What to do →
Going from the top of the data below, give again each line through the one containing "Sweet - Chop", both ends kept.

[Short descriptive text snippets]

____________________

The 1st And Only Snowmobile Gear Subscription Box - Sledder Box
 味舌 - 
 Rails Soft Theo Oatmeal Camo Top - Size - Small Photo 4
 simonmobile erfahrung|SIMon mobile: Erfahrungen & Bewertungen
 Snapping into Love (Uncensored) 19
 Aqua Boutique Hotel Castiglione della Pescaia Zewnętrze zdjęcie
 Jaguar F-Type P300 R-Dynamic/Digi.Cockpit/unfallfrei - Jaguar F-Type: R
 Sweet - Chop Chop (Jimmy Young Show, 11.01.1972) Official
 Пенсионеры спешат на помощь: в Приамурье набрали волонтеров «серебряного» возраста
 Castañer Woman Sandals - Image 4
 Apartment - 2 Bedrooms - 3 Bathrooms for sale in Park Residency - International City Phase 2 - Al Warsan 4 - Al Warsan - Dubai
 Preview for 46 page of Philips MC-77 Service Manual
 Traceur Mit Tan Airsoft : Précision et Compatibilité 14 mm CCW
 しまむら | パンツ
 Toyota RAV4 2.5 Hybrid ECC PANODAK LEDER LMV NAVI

____________________

Expected answer →
The 1st And Only Snowmobile Gear Subscription Box - Sledder Box
 味舌 - 
 Rails Soft Theo Oatmeal Camo Top - Size - Small Photo 4
 simonmobile erfahrung|SIMon mobile: Erfahrungen & Bewertungen
 Snapping into Love (Uncensored) 19
 Aqua Boutique Hotel Castiglione della Pescaia Zewnętrze zdjęcie
 Jaguar F-Type P300 R-Dynamic/Digi.Cockpit/unfallfrei - Jaguar F-Type: R
 Sweet - Chop Chop (Jimmy Young Show, 11.01.1972) Official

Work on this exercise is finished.